Exercise prompt: In the material below, the lines between the one holding "MLP Fighting Is" and the one holding "Arte de Vocals On Shots Vol 6", inclusive, are to be set down word for word. Pictures stay out.

Input records:
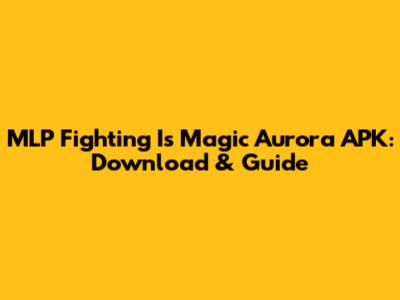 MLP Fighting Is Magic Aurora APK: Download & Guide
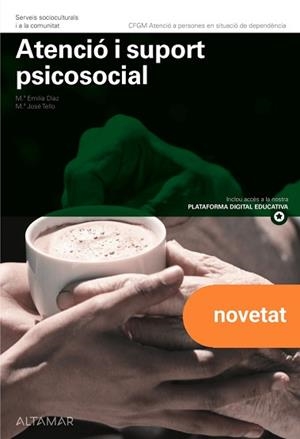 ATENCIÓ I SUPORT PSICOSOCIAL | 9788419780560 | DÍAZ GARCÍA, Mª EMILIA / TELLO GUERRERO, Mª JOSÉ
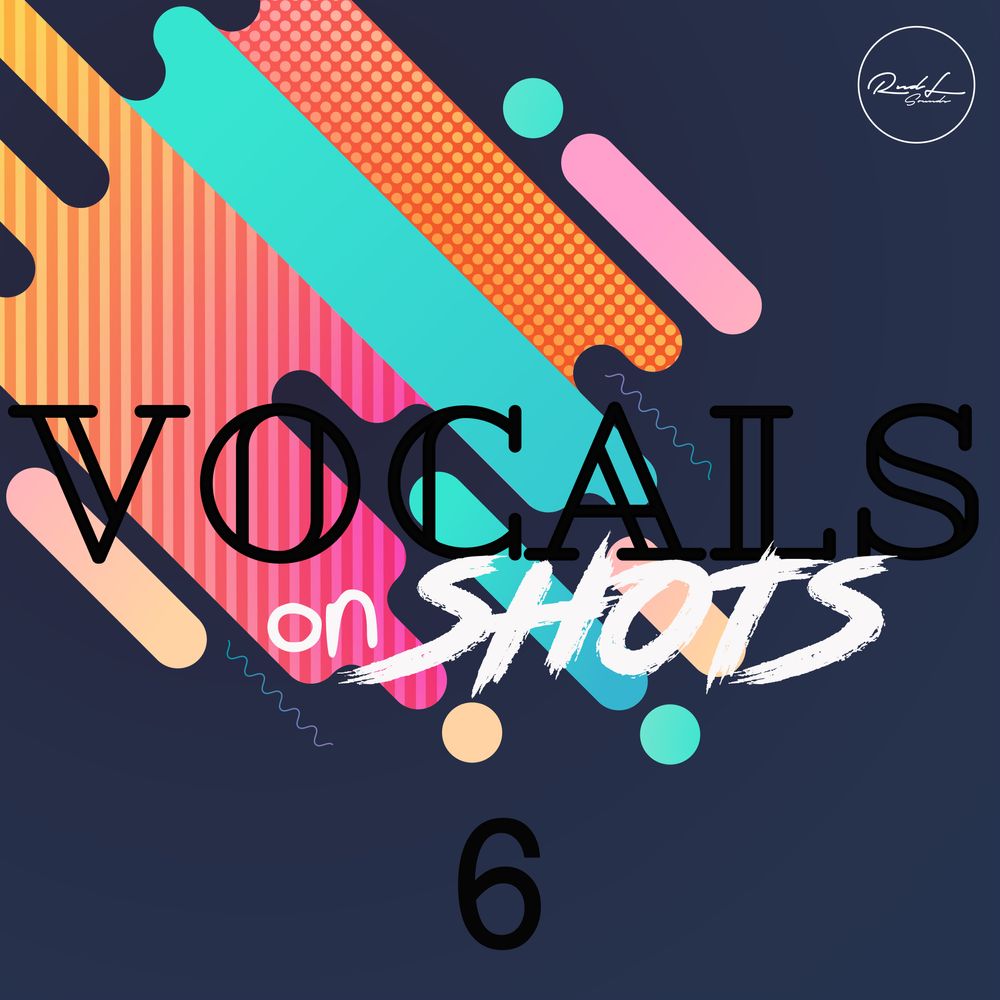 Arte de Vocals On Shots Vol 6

* * *

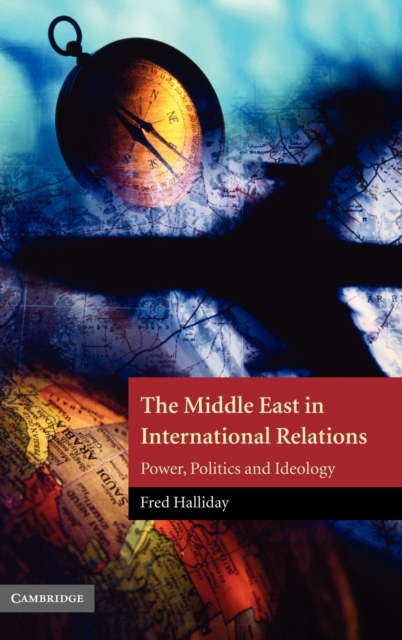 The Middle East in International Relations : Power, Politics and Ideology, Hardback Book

...

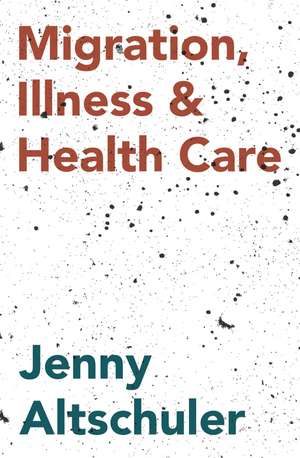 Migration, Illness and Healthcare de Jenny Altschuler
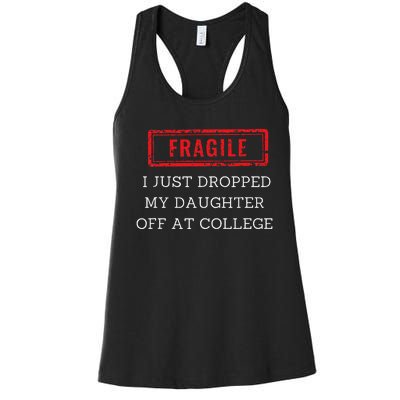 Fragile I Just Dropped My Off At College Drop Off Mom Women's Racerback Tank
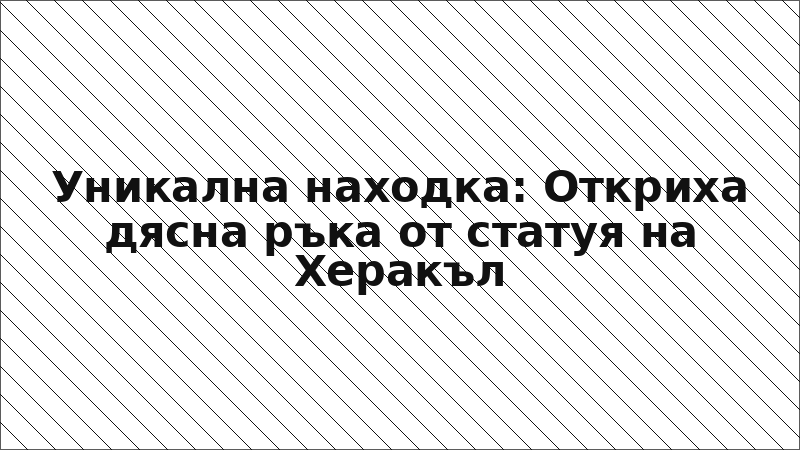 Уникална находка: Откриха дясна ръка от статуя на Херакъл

Answer to the exercise:
 MLP Fighting Is Magic Aurora APK: Download & Guide
 ATENCIÓ I SUPORT PSICOSOCIAL | 9788419780560 | DÍAZ GARCÍA, Mª EMILIA / TELLO GUERRERO, Mª JOSÉ
 Arte de Vocals On Shots Vol 6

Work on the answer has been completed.